As many signs point toward an impending general economic recession, no industry is spared from the reality of reduced commercial movement. Payments as an industry are mostly based on software, and are moving completely mobile and online at a fast rate.
However, just because e-commerce can’t keep up with demand in this period and people are buying more services from home doesn’t mean payment companies have been spared completely. The general pressure on businesses both large and small is being felt in their share price – in the last 10 days, all payments companies have taken a hit.
Ingenico is a relevant example that business is never ready for a crisis. Its share price soared to a high of €142 on February 19, 2020, only to fall by 55% in one month to a yearly low of €64. The massive increase followed Ingenico announcing its merger with Worldline.

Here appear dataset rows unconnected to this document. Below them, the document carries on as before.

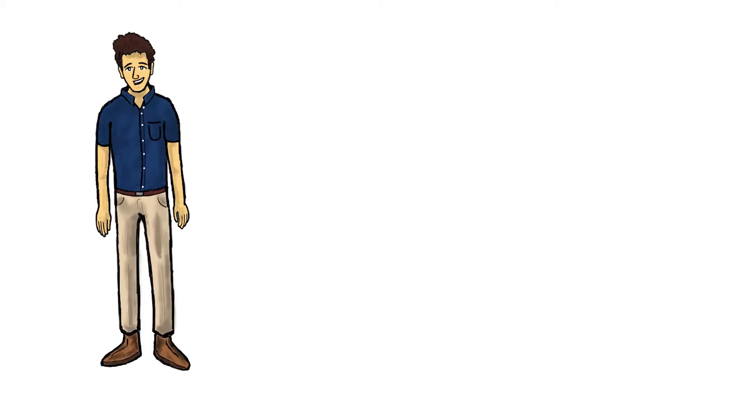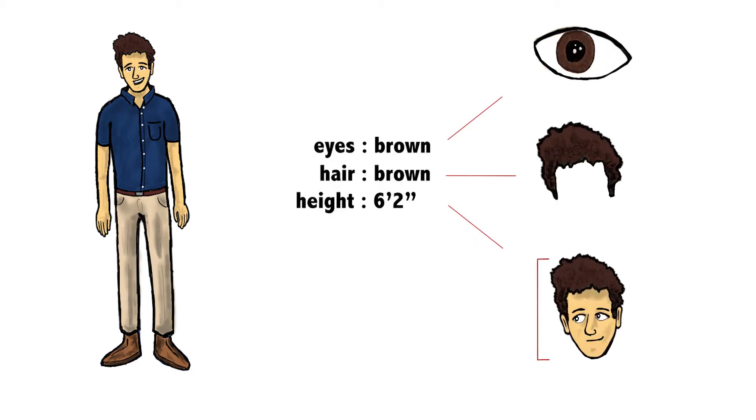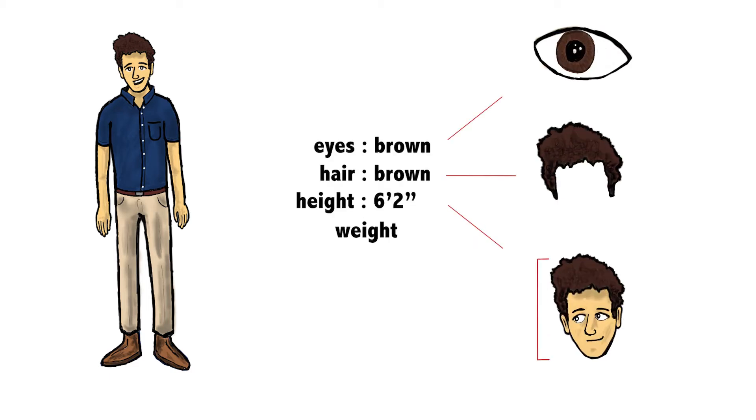Let's think about the you example for a minute. In my case, some of the features might be eyes, brown, hair, brown, height, 6'2", weight, I'll leave that as an exercise for the viewer.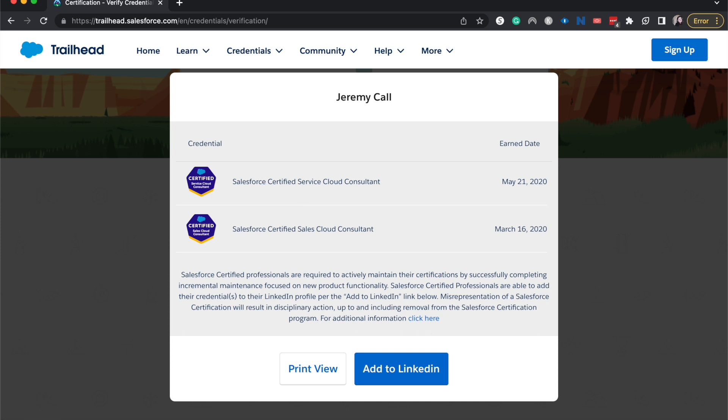Thank you so much for joining me today. If you found this helpful, be sure to give a like and subscribe. You can check out the Salesforce courses linked down below, and connect with me on LinkedIn and Twitter at Emily Call MBA. Thank you so much, and I'll catch you guys in the next one.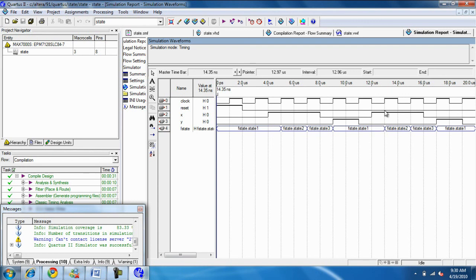State one. Input one. Go to state two. Output is zero. So, if you check back with the state diagram. Or if you check back. It's everything. Is exactly the way it's supposed to be. It's going to reflect the table.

It is never a good time for a pandemic or a crisis to hit a business, regardless of how well or not it may be doing. Companies that were struggling before will have a much worse time than companies, specifically in the payments industry, which have been performing well over the past years as people have become increasingly comfortable with remote and online transactions.
Not all is bleak on the horizon for payments companies, however. As the crisis will eventually subside, economic activity will gear up once more and merchants will open up again or launch new enterprises. Payments will be at the forefront by facilitating transactions. Payments companies are arguably in a better position than other industries to weather the COVID-19 storm.